Schon beim ersten Gementreffen 1947 bekundeten die Teilnehmer ihre Bereitschaft zur Versöhnung mit den neuen Bewohnern ihrer Heimat. Auf die damals über BBC London verbreitete Botschaft reagierte die polnisch-kommunistische Nachrichtenagentur mit Feindseeligkeit. Die Gemeinschaft ließ sich dadurch nicht beirren, auf dem begonnenen Weg weiterzugehen. Die Beschäftigung mit der Geschichte des Nachbarvolkes und der deutsch-polnischen Beziehungen, die Aufarbeitung der beiderseitigen Traumata, die interlektuelle und emotionale Vorbereitung auf einen künftigen Dialog mit den Menschen des Nachlbarvolkes nahmen einen breiten Raum der Bildungsarbeit - insbesondere auf den Gementreffen - ein.

Dennoch gab es bis 1989 nur die Möglichkeit, den Dialog im privaten Rahmen bei gegenseitigen Besuchsreisen nach oder aus Danzig aufzunehmen, wenn es auch Mitte der 50er Jahre gelang, einige Exilpolen nach Gemen einzuladen, wie auch Anfang der 80er Jahre vereinzelt Gäste aus Danzig, die jedoch weitgehend anonym bleiben mußten. Das hat sich mit der "Wende" in Ostmitteleuropa schlagartig verändert: die neuen Chancen eines Dialogs sind unermeßlich, sie fordern von uns, die seit 1947 stets wiederholten Absichtserklärungen nun konkret in die Tat umzusetzen.

So sind seit dem die Gementreffen in immer stärkerem Maße zum Forum des offenen Dialogs mit einem sich stetig vergrößernden Teilnehmerkreis aus Polen, aber auch aus anderen Ländern Ostmitteleuropas geworden. Es begann 1990 mit der Teilnahme von zwei polnischen Gästen, zu denen bereits Adam Krzeminski als Referent gehörte; 1992 waren unter den Referenten Gäste aus sechs ostmitteleuropäischen Ländern, beim 50. Gementreffen waren allein ca. 70 Teilnehmer und Mitwirkende aus dem heutigen Danzig dabei, außerdem Referenten aus sieben weiteren europäischen Ländern.

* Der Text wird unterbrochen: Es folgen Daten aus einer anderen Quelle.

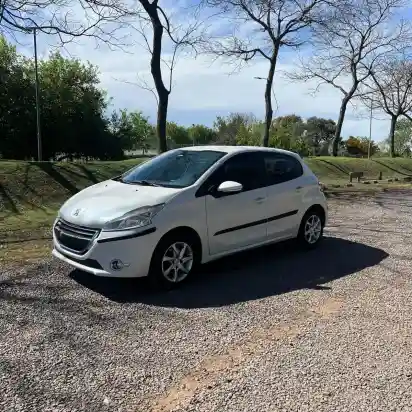 Peugeot 208 1.5 Allure Touchscreen 2014 - foto 3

Neben dieser neuen Chance, die Gementreffen nach mehr als 40 Jahren der "Hoffnung wider die Realität" endlich zum Ort der Begegnung und des Gesprächs zwischen Deutschen und Polen zu machen. gibt es nun auch die Chance, eine wirkliche Brücke des Dialogs nach Danzig zu schlagen. Nachdem auch hier bereits seit 1988 auf Studienfahrten Begegnungen in größerern Rahmen - insbesondere im kirchlichen auch mit dem Bischof von Danzig - möglich wurden, finden seit 1994 jährlich deutsch-polnische Studientagungen in Danzig im Maximilian-Kolbe-Haus statt. An diesen nehmen neben den aus Deutschland anreisenden Mitgliedern des adalbetuswerkes vor allem Mitglieder des Bundes der deutschen Minderheit und der Gesellschaft Polen-Deutschland in Danzig teil, so daß sich neben dem deutsch-polnischen auch ein Dialog innerhalb Danzigs ergibt, der sich als notwendig und förderlich erweist.

Thematisch wird auf diesen Tagungen die Aufarbeitung der ganzen Fülle an historischen, kulturellen und kirchlichen Themen angegangen. die zwischen Polen und Deutschen - besonders aber zwischen polnischen und deutschen Danzigern - einer Aufarbeitung bedarf, Daneben stehen musische Veranstaltungen und Exkursionen, die vor allem den menschlichen Kontakt vertiefen und Freundschaft möglich machen.